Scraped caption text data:

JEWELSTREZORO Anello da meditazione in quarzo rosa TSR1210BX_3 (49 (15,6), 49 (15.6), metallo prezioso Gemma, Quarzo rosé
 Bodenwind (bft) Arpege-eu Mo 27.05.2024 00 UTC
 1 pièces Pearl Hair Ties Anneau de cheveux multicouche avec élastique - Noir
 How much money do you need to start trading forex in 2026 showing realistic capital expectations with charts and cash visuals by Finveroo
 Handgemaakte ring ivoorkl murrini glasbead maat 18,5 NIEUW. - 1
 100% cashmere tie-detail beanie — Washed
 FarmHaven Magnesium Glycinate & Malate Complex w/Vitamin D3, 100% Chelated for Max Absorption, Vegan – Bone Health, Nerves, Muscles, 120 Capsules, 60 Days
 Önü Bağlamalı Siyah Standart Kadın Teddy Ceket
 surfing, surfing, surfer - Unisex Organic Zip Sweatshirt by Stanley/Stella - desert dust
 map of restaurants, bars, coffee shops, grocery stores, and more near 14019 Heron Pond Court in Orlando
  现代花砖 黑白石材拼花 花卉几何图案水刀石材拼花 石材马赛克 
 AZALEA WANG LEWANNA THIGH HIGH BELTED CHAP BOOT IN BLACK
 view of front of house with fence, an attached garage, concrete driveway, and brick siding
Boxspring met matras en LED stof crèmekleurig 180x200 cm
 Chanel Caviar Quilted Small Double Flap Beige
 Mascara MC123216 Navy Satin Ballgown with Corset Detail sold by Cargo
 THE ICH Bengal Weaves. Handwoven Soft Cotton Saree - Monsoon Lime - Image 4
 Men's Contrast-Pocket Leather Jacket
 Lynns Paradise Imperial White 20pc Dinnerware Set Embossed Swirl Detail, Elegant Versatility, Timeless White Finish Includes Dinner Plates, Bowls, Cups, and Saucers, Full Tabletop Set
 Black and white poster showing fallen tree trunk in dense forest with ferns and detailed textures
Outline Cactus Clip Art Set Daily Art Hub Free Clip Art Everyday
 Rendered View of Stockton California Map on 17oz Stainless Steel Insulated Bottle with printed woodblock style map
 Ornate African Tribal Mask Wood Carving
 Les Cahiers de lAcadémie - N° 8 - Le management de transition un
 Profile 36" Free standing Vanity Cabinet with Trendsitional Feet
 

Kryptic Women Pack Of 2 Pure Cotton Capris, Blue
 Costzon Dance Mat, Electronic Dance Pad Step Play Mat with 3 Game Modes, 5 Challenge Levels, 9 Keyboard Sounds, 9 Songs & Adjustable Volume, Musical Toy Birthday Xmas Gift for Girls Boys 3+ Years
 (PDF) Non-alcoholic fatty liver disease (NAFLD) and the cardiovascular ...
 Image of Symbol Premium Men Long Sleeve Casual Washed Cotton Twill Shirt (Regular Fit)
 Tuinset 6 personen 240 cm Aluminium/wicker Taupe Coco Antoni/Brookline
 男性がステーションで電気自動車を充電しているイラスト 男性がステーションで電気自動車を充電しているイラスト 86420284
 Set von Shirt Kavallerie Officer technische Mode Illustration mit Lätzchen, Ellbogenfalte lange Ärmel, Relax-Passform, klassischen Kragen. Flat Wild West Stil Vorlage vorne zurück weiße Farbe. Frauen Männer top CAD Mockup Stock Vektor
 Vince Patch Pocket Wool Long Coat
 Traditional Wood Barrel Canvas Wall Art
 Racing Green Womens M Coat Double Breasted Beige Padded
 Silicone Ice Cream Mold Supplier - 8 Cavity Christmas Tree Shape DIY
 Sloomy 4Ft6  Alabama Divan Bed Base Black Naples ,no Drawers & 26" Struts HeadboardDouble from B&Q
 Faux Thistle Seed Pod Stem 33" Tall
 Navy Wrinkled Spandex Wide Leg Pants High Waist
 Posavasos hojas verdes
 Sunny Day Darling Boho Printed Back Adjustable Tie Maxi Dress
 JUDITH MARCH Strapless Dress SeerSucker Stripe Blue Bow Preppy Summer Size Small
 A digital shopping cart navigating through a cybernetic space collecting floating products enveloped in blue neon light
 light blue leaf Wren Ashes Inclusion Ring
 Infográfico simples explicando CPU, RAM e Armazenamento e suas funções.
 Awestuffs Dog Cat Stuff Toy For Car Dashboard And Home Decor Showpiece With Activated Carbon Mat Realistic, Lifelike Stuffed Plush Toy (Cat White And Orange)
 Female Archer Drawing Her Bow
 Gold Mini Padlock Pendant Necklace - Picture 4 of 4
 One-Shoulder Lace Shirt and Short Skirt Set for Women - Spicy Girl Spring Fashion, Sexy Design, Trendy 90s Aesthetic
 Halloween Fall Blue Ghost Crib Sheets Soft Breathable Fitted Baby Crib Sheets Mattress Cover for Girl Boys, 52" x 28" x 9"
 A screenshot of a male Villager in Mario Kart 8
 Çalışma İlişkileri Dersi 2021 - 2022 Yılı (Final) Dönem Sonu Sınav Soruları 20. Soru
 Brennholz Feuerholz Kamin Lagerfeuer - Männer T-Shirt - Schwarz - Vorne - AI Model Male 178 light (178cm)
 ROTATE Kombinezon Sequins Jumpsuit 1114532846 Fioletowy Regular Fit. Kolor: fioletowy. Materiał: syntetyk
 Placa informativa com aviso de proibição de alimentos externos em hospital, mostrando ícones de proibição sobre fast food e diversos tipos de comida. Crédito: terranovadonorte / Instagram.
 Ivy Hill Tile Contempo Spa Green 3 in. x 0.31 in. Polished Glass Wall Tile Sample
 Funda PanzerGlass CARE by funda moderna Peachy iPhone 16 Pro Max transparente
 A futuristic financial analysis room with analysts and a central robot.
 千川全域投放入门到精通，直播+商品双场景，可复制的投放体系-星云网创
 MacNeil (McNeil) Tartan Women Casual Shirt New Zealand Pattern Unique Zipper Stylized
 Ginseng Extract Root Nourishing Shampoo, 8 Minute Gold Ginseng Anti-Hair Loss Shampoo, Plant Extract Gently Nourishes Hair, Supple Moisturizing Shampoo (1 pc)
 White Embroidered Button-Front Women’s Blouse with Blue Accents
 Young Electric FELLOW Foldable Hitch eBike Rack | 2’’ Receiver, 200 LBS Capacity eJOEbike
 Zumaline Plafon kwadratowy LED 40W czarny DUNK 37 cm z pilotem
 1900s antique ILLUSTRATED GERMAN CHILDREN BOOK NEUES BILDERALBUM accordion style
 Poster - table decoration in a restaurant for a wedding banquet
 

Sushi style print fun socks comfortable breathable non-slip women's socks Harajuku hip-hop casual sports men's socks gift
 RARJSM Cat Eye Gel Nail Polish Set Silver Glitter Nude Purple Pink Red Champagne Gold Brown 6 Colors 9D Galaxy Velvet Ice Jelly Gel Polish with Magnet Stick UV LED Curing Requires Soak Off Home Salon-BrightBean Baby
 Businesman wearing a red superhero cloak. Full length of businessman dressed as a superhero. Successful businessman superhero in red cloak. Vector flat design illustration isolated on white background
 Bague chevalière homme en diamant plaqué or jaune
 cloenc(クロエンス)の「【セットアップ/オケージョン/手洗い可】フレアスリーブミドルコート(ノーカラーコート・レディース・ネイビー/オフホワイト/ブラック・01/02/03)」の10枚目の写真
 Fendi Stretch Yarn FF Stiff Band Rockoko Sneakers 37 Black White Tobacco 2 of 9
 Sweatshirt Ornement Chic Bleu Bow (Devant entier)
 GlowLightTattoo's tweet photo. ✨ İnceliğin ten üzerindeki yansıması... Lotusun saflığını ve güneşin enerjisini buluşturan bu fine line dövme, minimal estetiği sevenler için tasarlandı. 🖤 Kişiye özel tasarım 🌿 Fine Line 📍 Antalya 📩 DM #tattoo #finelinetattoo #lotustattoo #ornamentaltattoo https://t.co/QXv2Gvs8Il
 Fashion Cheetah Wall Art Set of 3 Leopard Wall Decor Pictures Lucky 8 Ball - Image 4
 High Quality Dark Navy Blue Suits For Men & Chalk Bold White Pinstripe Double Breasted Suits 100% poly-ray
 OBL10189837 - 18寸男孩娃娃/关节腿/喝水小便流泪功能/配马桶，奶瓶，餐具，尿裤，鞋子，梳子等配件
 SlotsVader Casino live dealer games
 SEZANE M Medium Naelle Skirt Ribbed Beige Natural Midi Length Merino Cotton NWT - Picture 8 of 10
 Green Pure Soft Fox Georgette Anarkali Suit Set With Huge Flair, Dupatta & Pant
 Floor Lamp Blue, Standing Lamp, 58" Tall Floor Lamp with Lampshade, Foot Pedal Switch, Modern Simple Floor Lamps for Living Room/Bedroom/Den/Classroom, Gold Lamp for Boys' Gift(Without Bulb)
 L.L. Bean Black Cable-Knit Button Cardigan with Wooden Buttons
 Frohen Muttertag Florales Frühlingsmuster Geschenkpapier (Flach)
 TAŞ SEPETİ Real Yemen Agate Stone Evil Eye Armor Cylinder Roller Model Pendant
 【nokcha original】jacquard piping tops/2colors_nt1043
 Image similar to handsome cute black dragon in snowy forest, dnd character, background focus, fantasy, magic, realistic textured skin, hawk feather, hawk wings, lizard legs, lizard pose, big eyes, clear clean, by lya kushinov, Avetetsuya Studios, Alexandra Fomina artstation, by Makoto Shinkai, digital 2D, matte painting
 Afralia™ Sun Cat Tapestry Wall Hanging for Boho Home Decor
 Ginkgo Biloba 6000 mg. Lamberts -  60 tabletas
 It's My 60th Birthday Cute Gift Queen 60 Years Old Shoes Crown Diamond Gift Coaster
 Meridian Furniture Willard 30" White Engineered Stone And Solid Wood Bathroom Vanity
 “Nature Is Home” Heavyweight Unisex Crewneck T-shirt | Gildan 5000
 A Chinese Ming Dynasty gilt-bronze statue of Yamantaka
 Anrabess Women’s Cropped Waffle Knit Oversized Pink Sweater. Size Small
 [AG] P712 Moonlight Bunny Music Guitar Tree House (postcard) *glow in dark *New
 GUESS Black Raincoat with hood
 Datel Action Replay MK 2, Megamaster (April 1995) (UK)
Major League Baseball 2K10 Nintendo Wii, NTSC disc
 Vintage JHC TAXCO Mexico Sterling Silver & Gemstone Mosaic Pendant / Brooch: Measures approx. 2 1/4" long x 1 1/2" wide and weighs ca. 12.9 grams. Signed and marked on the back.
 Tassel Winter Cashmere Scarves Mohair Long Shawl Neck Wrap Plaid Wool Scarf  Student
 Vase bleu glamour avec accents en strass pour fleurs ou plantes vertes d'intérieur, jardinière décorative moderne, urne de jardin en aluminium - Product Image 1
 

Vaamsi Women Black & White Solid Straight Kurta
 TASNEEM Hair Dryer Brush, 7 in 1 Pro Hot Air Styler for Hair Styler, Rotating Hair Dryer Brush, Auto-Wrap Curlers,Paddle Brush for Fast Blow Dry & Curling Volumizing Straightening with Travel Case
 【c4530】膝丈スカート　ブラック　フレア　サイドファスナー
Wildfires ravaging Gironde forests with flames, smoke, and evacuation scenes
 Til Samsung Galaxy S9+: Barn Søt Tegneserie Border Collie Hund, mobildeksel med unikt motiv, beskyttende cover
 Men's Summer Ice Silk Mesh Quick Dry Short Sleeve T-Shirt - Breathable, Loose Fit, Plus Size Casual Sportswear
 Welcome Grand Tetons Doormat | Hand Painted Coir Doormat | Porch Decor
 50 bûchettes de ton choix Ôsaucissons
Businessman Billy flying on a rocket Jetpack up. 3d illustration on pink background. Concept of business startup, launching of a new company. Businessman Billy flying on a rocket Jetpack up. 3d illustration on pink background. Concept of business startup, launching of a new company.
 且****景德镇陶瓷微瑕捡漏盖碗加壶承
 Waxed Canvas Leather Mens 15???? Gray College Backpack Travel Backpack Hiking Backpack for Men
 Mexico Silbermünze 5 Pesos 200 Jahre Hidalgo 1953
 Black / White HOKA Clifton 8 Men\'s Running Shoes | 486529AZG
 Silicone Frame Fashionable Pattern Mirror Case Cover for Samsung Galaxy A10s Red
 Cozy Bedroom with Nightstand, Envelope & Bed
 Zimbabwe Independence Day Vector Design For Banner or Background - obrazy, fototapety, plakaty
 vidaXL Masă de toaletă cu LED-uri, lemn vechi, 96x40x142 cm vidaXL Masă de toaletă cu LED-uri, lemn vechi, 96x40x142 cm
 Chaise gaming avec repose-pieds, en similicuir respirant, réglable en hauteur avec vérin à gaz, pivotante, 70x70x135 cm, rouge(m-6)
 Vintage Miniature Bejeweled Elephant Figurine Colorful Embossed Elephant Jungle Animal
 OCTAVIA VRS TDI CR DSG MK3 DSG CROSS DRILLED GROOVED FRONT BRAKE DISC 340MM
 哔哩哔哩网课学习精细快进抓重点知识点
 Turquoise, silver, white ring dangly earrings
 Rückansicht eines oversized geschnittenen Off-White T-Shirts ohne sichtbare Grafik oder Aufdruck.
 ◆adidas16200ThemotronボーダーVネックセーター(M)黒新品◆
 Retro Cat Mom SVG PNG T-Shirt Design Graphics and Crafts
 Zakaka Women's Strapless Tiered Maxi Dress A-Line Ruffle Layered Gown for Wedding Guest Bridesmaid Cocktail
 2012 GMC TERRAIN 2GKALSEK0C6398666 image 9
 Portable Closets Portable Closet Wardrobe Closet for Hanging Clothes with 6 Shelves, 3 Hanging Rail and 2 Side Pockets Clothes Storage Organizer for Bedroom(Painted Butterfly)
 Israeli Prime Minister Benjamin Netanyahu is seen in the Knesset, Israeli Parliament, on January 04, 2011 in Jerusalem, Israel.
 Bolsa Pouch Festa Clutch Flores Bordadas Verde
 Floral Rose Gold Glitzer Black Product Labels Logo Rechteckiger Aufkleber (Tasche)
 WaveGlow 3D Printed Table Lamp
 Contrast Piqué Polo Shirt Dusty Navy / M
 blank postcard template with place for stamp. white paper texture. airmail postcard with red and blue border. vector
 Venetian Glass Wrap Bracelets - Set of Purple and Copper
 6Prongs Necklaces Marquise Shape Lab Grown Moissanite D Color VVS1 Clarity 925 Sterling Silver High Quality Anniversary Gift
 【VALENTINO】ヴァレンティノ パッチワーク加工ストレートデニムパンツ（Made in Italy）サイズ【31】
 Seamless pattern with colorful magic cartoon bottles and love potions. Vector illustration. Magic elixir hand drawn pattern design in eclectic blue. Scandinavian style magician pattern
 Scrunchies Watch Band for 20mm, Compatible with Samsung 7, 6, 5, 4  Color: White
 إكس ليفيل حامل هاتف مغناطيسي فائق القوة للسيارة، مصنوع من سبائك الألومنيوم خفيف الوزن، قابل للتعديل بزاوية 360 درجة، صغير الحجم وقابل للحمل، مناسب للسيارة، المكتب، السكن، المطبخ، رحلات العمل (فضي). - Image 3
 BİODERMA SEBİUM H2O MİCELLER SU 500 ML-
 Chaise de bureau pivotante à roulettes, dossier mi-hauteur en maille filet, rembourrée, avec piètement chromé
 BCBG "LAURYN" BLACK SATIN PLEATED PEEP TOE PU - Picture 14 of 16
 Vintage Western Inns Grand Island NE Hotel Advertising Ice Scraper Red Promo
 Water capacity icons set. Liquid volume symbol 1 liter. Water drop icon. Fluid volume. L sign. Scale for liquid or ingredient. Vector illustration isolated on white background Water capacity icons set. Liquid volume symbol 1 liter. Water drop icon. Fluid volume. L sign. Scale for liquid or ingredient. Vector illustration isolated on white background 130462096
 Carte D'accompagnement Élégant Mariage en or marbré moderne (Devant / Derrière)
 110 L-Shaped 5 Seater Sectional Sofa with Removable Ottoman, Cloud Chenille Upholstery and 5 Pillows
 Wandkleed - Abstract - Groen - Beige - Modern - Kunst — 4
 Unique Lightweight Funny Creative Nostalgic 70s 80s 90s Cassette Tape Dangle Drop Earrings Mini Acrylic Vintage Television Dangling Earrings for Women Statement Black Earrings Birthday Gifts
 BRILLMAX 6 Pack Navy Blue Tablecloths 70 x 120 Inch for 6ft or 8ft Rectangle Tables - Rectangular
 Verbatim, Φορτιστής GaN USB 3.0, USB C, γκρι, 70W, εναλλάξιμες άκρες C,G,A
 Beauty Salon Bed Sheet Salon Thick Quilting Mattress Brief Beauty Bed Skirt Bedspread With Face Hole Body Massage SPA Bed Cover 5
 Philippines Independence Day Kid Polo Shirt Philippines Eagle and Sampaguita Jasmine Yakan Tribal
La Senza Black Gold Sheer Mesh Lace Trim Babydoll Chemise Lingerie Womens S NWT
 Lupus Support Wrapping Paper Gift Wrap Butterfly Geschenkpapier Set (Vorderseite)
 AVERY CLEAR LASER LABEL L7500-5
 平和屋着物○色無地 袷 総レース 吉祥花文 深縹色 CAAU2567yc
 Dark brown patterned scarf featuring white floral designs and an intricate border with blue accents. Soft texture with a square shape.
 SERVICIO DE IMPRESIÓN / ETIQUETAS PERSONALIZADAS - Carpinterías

EXERCISE DESCRIPTION | Beginning at the first line above, repeat exactly until the line containing "Kryptic Women Pack", which is included.

SOLUTION FOR THIS TASK |
JEWELSTREZORO Anello da meditazione in quarzo rosa TSR1210BX_3 (49 (15,6), 49 (15.6), metallo prezioso Gemma, Quarzo rosé
 Bodenwind (bft) Arpege-eu Mo 27.05.2024 00 UTC
 1 pièces Pearl Hair Ties Anneau de cheveux multicouche avec élastique - Noir
 How much money do you need to start trading forex in 2026 showing realistic capital expectations with charts and cash visuals by Finveroo
 Handgemaakte ring ivoorkl murrini glasbead maat 18,5 NIEUW. - 1
 100% cashmere tie-detail beanie — Washed
 FarmHaven Magnesium Glycinate & Malate Complex w/Vitamin D3, 100% Chelated for Max Absorption, Vegan – Bone Health, Nerves, Muscles, 120 Capsules, 60 Days
 Önü Bağlamalı Siyah Standart Kadın Teddy Ceket
 surfing, surfing, surfer - Unisex Organic Zip Sweatshirt by Stanley/Stella - desert dust
 map of restaurants, bars, coffee shops, grocery stores, and more near 14019 Heron Pond Court in Orlando
  现代花砖 黑白石材拼花 花卉几何图案水刀石材拼花 石材马赛克 
 AZALEA WANG LEWANNA THIGH HIGH BELTED CHAP BOOT IN BLACK
 view of front of house with fence, an attached garage, concrete driveway, and brick siding
Boxspring met matras en LED stof crèmekleurig 180x200 cm
 Chanel Caviar Quilted Small Double Flap Beige
 Mascara MC123216 Navy Satin Ballgown with Corset Detail sold by Cargo
 THE ICH Bengal Weaves. Handwoven Soft Cotton Saree - Monsoon Lime - Image 4
 Men's Contrast-Pocket Leather Jacket
 Lynns Paradise Imperial White 20pc Dinnerware Set Embossed Swirl Detail, Elegant Versatility, Timeless White Finish Includes Dinner Plates, Bowls, Cups, and Saucers, Full Tabletop Set
 Black and white poster showing fallen tree trunk in dense forest with ferns and detailed textures
Outline Cactus Clip Art Set Daily Art Hub Free Clip Art Everyday
 Rendered View of Stockton California Map on 17oz Stainless Steel Insulated Bottle with printed woodblock style map
 Ornate African Tribal Mask Wood Carving
 Les Cahiers de lAcadémie - N° 8 - Le management de transition un
 Profile 36" Free standing Vanity Cabinet with Trendsitional Feet
 

Kryptic Women Pack Of 2 Pure Cotton Capris, Blue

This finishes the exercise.